To build this firmware, i decided to do the lazy route. Since these bluetooth modules can not act as receivers, they will just both be views as stand alone keyboards just missing their butter half.

The QMK Docs again came in handy and found out how to easily do this: https://docs.qmk.fm/#/feature_split_keyboard?id=handedness-by-define. Simply add the #define MASTER_LEFT or #define MASTER_RIGHT in the same config.h file.

This means all we have to do to get working firmware now is build 2 separate versions, one with the #define MASTER_LEFT and one with #define MASTER_RIGHT and flash the left and right Feather with the appropriate build.

Flash

Use the QMK Toolbox tool, https://github.com/qmk/qmk_toolbox/releases, to flash, you can figure it out.

Testing

There are ways to test the flashed Feather, before soldering it on.

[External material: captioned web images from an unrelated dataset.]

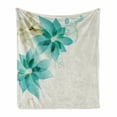 thumbnail image 1 of Teal Soft Flannel Fleece Throw Blanket, Vintage Inspired Floral Design with Abstract Vibrant Colored Natural Elements, Cozy Plush for Indoor and Outdoor Use, 70" x 90", Turquoise Beige, by Ambesonne, 1 of 6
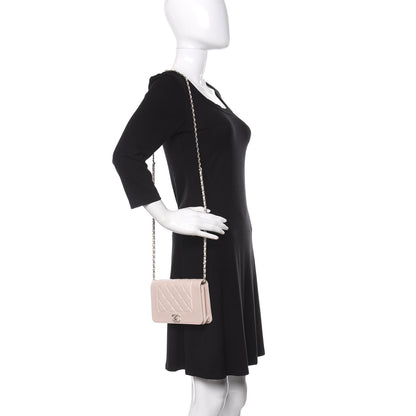 Chanel Caviar Quilted Vintage Mademoiselle Wallet On Chain WOC Beige 2 of 12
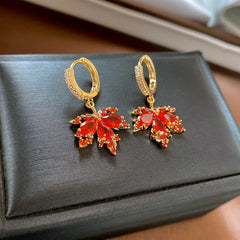 Maple Leaf Zircon Luck Jewelry Set (Necklace, Pendant, Ring, Earrings)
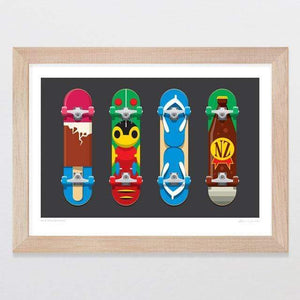 Glenn Jones Art Kiwiana Boards Art Print Art Print A4 Print / Raw Oak Frame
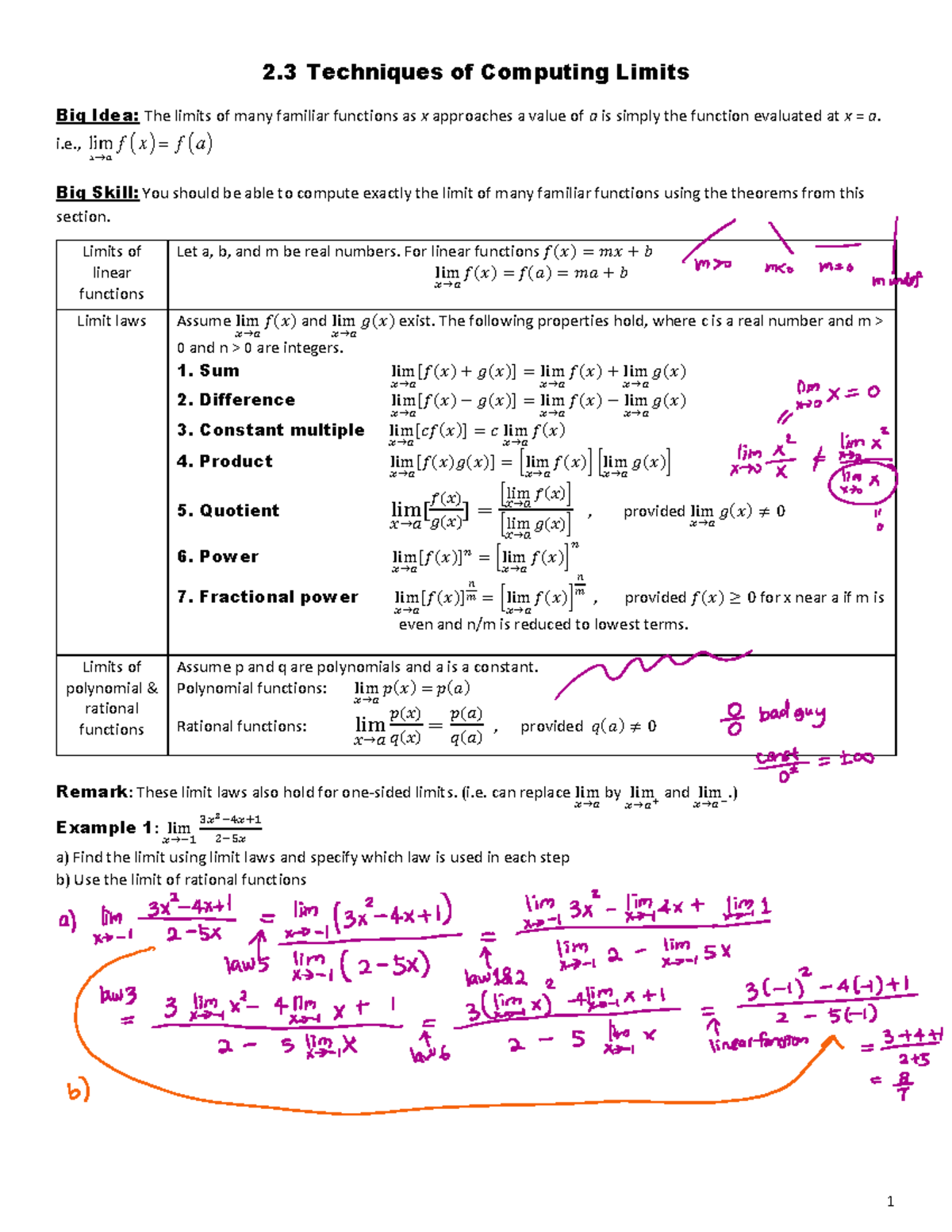 2.3, 2 - Chapter 2.3, 2.4 Review - 2 Techniques Of Computing Limits Big ...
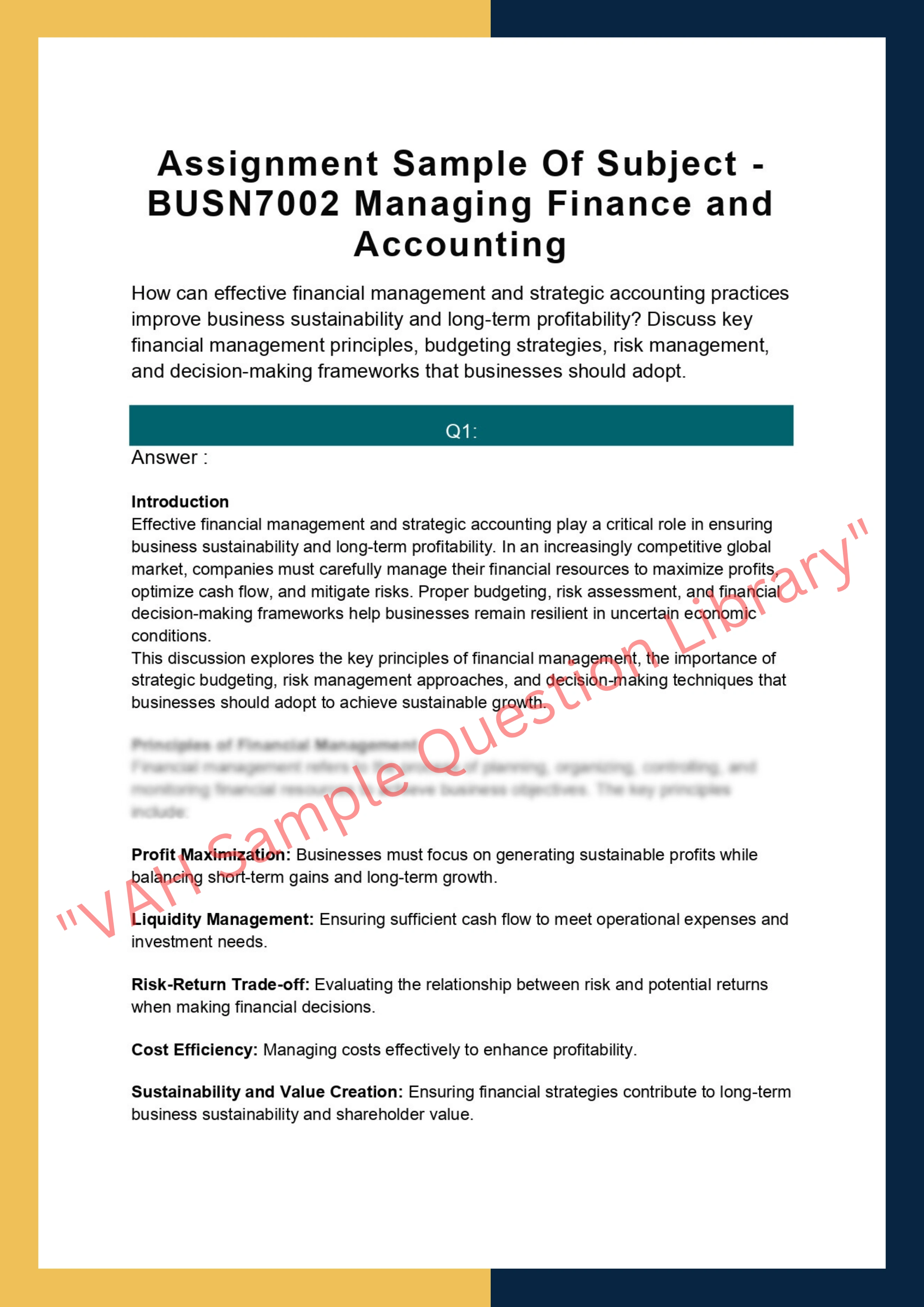 Assignment Sample Of Subject -BUSN7002 Managing Finance and Accounting 0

Of course you should be able to connect to it with bluetooth. If not, well, good luck and try again.

For testing the keyboard part, uust use a wire and connect a column to a row pin and see if the expected letter is printed on the screen.

Step 3 - Smash it together

It’s simple just toss it all together.

Really though, just follow the Keebio Quefrency build guide here - https://docs.keeb.io/quefrency-build-guide/. Ignore some of the extra parts not needed like the 2 TRRS Jacks and the TRRS cable, since those parts are used for the split awareness.

All you have to do is use tiny wires to “expand” the Pro Micro footprint to the Feather footprint and with “careful” soldering, it will be in place. I also tore out the battery JST jack, also “carefully”, to attach the switch and move the battery positioning.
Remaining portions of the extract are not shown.